The author sees medicine over the past couple of centuries as having developed in three stages or eras: the first in the 19th century reflected physical medicine with the development of synthetic drug therapy and surgery with effective anaesthetics. The second phase developed after WWII and acknowledged the role of the mind of the individual in aggravating or healing their physical illness. The third era, which is the focus of this book, has emerged in recent decades as evidence has grown of the effect that one individual's mind could have on the mind and body of another - what Dossey calls `non-local mind'. He cites evidence that he believes shows that mind is not exclusively associated with the brain, as brain chemicals are found also in other tissues like the blood and gut. Then there is further evidence that mind is not even restricted to one individual with the effects, not only of prayer, but of telepathic or telesomatic events between empathic individuals.
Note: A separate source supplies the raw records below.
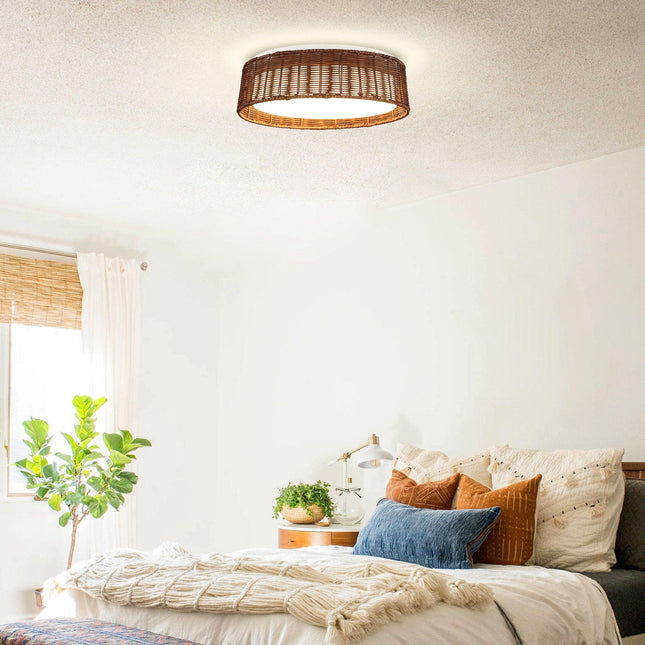 17" Traditional Brown Rattan Flush Mount Lighting LED Home Decor > Lighting > Ceiling Lights > Flush Mount Ceiling Lights TriadCommerceInc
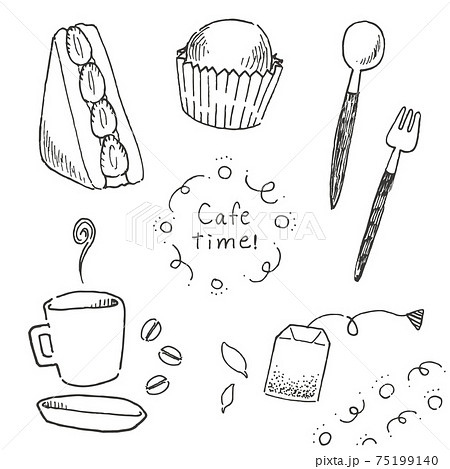お茶とお菓子のモノクロイラストセットのイラスト素材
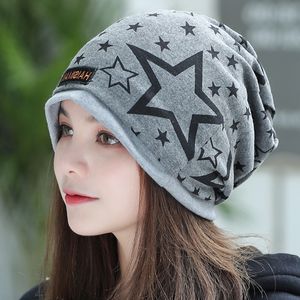 Personnalité coréenne motif étoile casquettes pour femmes automne hiver mode fraîche unisexe bonnet chapeau multi-fonction Pile Turban accessoires HCS206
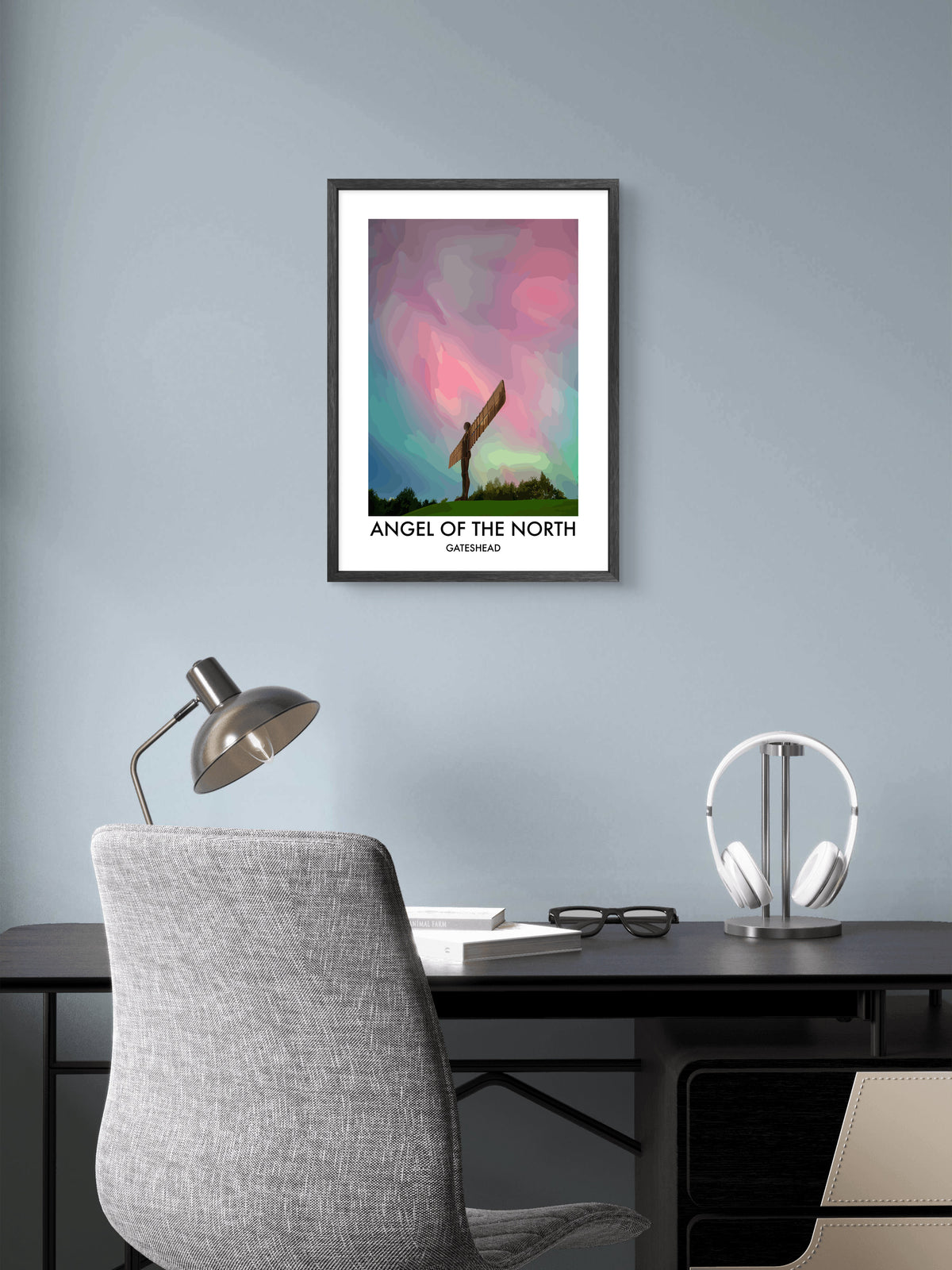 Angel of the North Pastel Sky framed vector art print displayed in a room setting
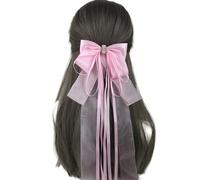 Diademas for el cabello de mujer Accesorios Lolita Lazos for el cabello Pasador con lazos grandes for mujer con cola larga Tocados con lazo for fiesta de niñas(Light Pink)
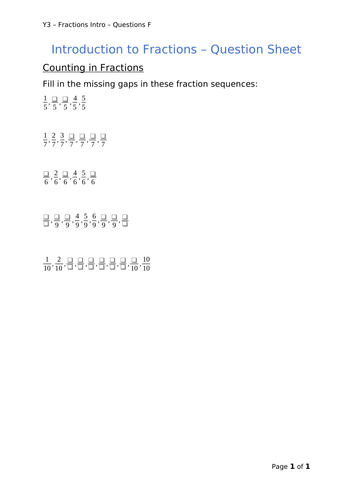 Y3 Maths - Intro to Fractions (Free)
The book describes numerous anecdotes of instances where prayer and healing thoughts have proved to be effective and some instances where they have not, with possible reasons for this. It also gives the results of many scientific studies into the influence of prayer. There are few practical details of the experiments in most of the book - simply the results. Details are confined to the third and final section on The Evidence; and there is more on that, together with possible explanatory scientific theory, in an earlier book, Recovering the Soul. Dr Dossey points out that nothing physical, not even a measurable energy, passes from meditator to recipient. Such events are comparable to those in particle physics where interaction between related particles occurs instantaneously, at a distance, regardless of separation in time or space.
I doubt that this book was written specifically as a self-help book, but Dr Dossey gives examples of what he considers to be effective methods and limitations of prayer so I'm sure that many readers will find the book not only helpful but inspirational: for if mind is not to be confined to the body in life, then there is the potential for non-local mind or soul to continue its existence in the discarnate. If the individual unconscious does indeed form part of Jung's collective unconscious, it is not incoherent to suggest persistence of non-local mind in a Communal Soul after mortal death. This is a very informative and encouraging book.
Dr Howard A. Jones is the author of The Thoughtful Guide to God (2006) and The Tao of Holism (2008), both published by O Books of Winchester, UK.
The book is esoteric rather than Christian. Some people may want that kind of book, but it is not for me.